The only concern is that I am currently working full time in the loop. While I am willing to go right from work to a kitchen and also I can work on weekends, I was worried that chef's would prefer that I arrive earlier to help with prep for dinner...

I have worked at the Outpost and found the experience really educational. 

I decided that I would send out letters, e-mails, etc. asking to work in a kitchen. Suzy Crofton was very receptive but mentioned that she currently has an extern at her restaurant and no positions are available. I also sent an e-mail to Charlie Trotters and they mentioned that they do not let people stage, but if I wanted to donate $500 to the Charlie Trotter Culinary Foundation, I can work for a week!! What is that all about?

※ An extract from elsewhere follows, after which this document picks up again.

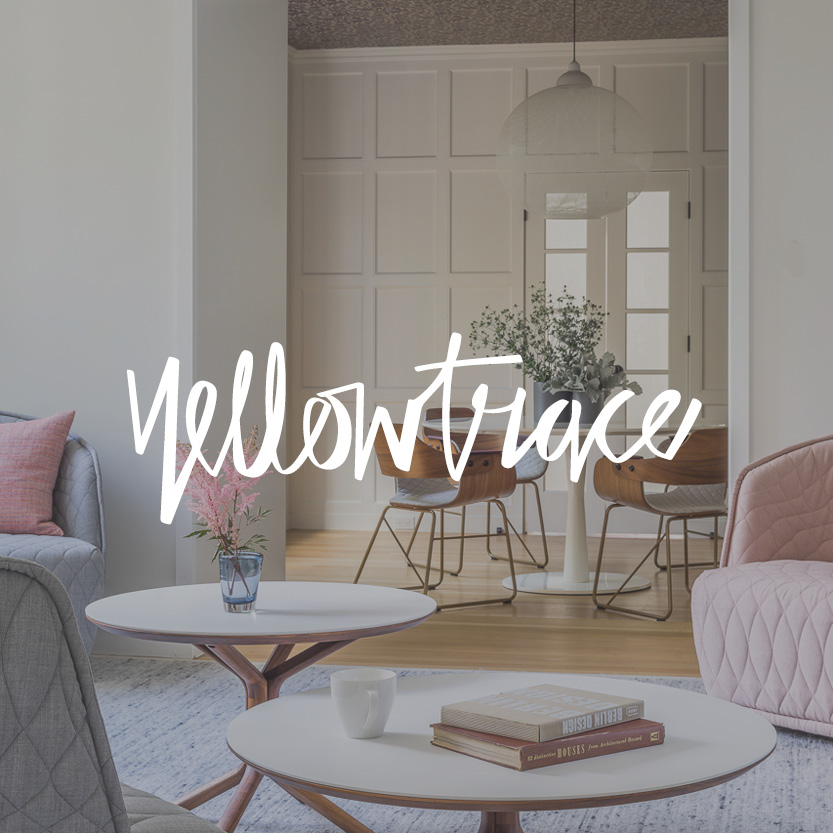 Yellowtrace logo with luxury livign room background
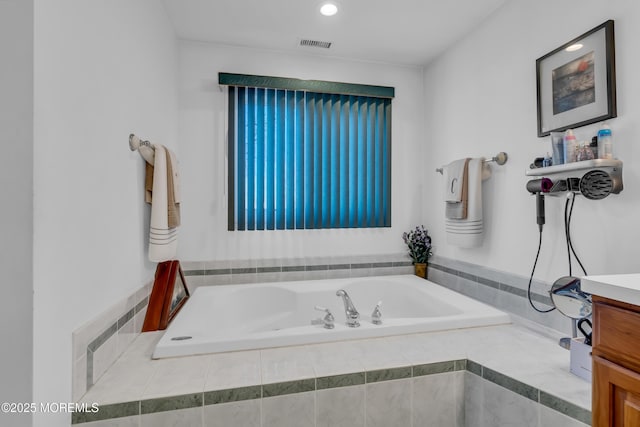 bathroom with vanity and tiled bath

Sorry my post is rather long, but I thought this would be the best place to ask for advice. Is there any chef out there in Chicago that would be interested in a lowly culinary student to do anything in the kitchen?

Thanks,

Paul


----------



## layjo (Oct 12, 1999)

Have you tried to get some leads or advice from any of your instructors at the school you attend? When I was in culinary school, I was able to get two good leads for an apprenticship and another good workplace. And I was a member of the ACF-TCA chapter in Houston which gave alot of alternatives also. We were a real close-nit group of chefs and cooks.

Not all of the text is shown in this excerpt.